Additionally, they can operate independently of any other form of assistance for up to 60 days without any resupply. “We provide heavy construction and have the ability to rapidly mobilize,” said Staff Sgt. Michael Crump, a structural craftsman. “We can go into a remote location and take a project from start to finish.”
“Our main objective is to get our airmen out into an environment where they can concentrate on their contingency skills and special capabilities for Red Horse,” said Lt. Col. Horace Jones, commander of the 560 RHS. “[This training] involves staying out in the field environment, being comfortable in field conditions and being able to do what we do best and that’s build a bare base, build tent city.”

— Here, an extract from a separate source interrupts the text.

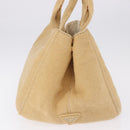 PRADA Canapa GM Tote Bag Straw Beige Gold Auth 194284-6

Master Sgt. Clifford Thomas says that training in field conditions at McCrady allowed them to foster cooperation and build camaraderie. With over 38 different Air Force Specialty Codes, the logistics of organizing training for each profession can be challenging. The sheer number of 560 RH airmen that gather together at each Unit Training Assembly weekend at Joint Base Charleston means that they are usually split up by AFSC. In contrast, the training provided an opportunity to allow the airmen from the 560 RH to live, work and learn together. “It really allows us to come together as one,” he said.